- WORK REQUEST: Filter the entries below down to the lines that hold "Säljer".

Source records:
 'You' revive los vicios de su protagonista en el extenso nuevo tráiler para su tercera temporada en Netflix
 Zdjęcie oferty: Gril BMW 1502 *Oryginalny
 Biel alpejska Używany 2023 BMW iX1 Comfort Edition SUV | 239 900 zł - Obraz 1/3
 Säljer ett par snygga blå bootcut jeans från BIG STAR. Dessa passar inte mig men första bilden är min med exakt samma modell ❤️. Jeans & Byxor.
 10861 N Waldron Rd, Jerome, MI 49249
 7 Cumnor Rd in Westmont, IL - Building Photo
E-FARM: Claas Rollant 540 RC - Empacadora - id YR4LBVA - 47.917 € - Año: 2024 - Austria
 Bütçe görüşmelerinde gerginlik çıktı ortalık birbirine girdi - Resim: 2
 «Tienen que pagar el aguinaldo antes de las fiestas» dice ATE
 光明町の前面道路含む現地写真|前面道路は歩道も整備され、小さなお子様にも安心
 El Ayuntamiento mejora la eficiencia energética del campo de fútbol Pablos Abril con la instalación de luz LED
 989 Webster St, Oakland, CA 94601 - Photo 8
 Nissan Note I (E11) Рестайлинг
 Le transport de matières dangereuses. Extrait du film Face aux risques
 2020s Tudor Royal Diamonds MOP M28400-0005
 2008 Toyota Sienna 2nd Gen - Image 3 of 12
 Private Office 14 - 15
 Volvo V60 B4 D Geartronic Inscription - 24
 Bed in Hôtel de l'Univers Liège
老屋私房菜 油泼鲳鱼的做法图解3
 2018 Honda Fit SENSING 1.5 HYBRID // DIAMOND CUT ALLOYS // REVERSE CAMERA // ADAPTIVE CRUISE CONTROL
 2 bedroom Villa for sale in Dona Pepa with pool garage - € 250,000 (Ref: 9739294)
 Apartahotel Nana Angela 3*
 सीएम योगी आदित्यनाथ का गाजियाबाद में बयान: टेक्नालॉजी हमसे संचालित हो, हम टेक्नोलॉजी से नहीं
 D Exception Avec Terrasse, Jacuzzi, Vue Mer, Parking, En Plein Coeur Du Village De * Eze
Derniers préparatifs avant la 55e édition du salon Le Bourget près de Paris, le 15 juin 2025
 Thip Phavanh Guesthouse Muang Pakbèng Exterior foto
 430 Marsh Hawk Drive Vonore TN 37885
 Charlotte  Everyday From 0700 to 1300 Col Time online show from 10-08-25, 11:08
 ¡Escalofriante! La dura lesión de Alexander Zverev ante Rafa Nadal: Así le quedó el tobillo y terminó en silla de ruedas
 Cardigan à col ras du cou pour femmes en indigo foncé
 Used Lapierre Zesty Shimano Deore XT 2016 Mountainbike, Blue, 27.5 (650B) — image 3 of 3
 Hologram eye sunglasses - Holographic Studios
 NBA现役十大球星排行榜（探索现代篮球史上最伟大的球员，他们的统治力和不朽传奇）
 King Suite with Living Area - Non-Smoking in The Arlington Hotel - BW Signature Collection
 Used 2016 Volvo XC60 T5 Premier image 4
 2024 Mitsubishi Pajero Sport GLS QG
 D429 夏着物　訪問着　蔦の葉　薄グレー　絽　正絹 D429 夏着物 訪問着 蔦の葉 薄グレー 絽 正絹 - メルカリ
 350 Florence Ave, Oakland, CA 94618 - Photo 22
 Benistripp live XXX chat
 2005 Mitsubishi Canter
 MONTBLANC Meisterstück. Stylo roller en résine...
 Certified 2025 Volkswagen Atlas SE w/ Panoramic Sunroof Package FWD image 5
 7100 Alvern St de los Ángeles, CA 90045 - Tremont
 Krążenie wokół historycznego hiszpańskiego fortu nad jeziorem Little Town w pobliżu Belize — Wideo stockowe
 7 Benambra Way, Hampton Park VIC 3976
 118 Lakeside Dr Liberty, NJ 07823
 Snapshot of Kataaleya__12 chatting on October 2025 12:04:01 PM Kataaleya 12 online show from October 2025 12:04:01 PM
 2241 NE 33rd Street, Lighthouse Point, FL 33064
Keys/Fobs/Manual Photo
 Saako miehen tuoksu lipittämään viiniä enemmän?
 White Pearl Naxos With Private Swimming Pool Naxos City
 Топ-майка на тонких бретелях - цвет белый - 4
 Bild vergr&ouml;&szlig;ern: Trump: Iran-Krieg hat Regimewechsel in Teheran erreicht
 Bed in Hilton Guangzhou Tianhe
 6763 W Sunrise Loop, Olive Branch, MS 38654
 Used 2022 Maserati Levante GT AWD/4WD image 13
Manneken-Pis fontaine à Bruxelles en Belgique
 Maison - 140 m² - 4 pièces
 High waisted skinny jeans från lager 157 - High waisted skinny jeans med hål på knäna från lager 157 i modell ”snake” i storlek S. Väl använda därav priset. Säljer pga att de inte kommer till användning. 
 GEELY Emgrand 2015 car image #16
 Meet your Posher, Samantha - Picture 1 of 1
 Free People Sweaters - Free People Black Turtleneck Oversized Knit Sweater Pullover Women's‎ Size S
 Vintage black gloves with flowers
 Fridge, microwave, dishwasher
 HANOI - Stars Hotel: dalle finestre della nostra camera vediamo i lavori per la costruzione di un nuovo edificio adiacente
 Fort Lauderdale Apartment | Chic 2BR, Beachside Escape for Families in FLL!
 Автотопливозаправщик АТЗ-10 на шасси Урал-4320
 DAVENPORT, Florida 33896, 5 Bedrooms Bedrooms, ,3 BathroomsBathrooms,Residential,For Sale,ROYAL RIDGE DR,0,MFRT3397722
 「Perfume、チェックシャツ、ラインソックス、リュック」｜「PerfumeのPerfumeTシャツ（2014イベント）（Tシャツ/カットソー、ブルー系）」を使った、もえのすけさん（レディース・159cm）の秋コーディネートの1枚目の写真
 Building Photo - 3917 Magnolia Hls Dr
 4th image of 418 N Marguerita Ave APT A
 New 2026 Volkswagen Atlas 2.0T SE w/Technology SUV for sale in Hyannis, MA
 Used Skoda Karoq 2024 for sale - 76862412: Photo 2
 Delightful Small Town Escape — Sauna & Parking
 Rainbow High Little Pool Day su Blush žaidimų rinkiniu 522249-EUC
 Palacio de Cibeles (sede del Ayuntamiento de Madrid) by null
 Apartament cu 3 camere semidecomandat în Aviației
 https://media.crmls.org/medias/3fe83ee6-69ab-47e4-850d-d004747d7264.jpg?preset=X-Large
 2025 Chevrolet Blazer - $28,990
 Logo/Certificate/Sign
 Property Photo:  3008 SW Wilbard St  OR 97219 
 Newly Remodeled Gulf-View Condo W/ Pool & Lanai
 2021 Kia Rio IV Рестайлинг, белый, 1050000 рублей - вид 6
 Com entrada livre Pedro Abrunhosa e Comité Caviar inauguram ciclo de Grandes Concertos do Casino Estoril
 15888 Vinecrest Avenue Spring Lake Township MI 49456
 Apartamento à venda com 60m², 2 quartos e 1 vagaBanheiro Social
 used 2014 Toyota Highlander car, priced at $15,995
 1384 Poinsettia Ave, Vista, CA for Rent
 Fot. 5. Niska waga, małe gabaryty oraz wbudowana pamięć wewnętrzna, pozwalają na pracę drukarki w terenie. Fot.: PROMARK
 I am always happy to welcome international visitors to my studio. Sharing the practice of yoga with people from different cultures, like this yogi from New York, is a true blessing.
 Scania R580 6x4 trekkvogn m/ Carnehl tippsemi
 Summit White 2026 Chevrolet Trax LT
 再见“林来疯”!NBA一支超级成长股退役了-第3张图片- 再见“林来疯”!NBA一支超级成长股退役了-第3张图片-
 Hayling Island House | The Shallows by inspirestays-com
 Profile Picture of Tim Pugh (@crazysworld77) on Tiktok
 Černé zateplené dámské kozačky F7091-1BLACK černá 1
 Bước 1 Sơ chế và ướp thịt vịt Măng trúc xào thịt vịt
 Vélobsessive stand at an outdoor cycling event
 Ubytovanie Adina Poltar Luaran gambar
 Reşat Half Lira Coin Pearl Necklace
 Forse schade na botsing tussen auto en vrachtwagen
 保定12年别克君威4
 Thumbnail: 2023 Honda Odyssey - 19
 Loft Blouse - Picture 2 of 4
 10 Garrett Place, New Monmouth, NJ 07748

- EXERCISE RESPONSE:
 Säljer ett par snygga blå bootcut jeans från BIG STAR. Dessa passar inte mig men första bilden är min med exakt samma modell ❤️. Jeans & Byxor.
 High waisted skinny jeans från lager 157 - High waisted skinny jeans med hål på knäna från lager 157 i modell ”snake” i storlek S. Väl använda därav priset. Säljer pga att de inte kommer till användning. 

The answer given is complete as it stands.